*To do*
In the listing below, locate the line with "Hello dear students, myself" and the line with "Absolutely love this look. And", then output both and everything between them exactly, minus any pictures.

*The input*

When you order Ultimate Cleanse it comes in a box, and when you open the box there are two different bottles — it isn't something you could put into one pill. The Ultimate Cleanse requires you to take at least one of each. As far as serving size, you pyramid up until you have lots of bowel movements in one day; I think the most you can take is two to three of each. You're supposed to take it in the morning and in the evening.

...

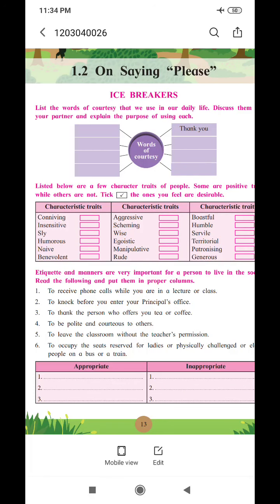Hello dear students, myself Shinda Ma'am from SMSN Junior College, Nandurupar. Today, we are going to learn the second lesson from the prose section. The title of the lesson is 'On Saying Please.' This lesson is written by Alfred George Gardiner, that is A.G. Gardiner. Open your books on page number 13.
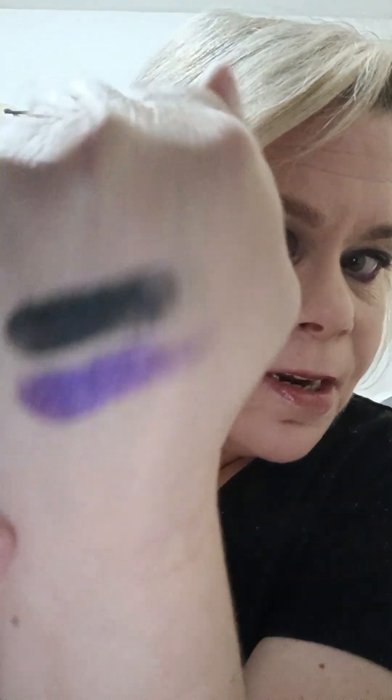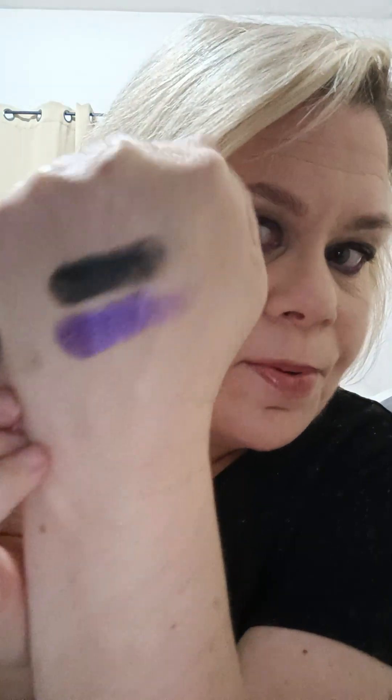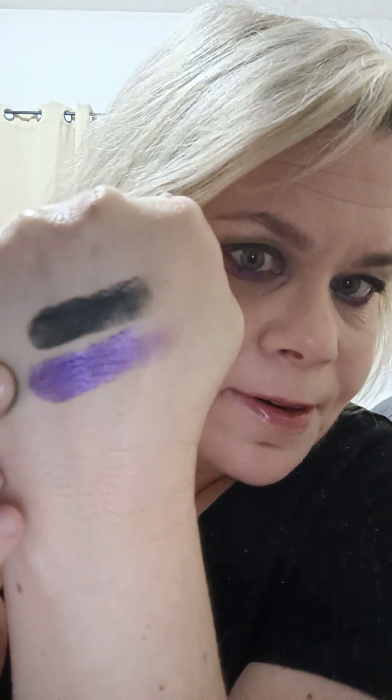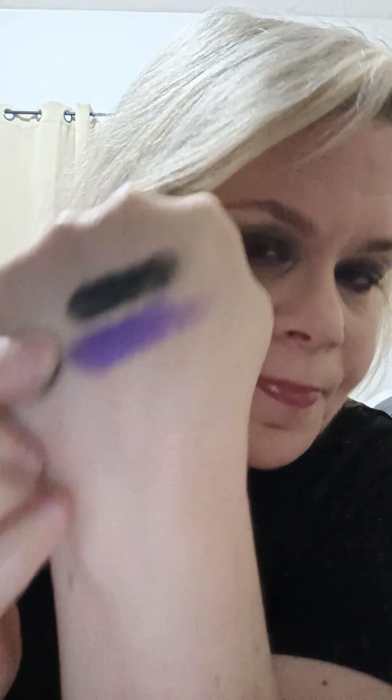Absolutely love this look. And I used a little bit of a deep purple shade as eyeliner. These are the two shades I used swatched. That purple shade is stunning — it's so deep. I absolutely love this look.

*Task answer*
Hello dear students, myself Shinda Ma'am from SMSN Junior College, Nandurupar. Today, we are going to learn the second lesson from the prose section. The title of the lesson is 'On Saying Please.' This lesson is written by Alfred George Gardiner, that is A.G. Gardiner. Open your books on page number 13.
Absolutely love this look. And I used a little bit of a deep purple shade as eyeliner. These are the two shades I used swatched. That purple shade is stunning — it's so deep. I absolutely love this look.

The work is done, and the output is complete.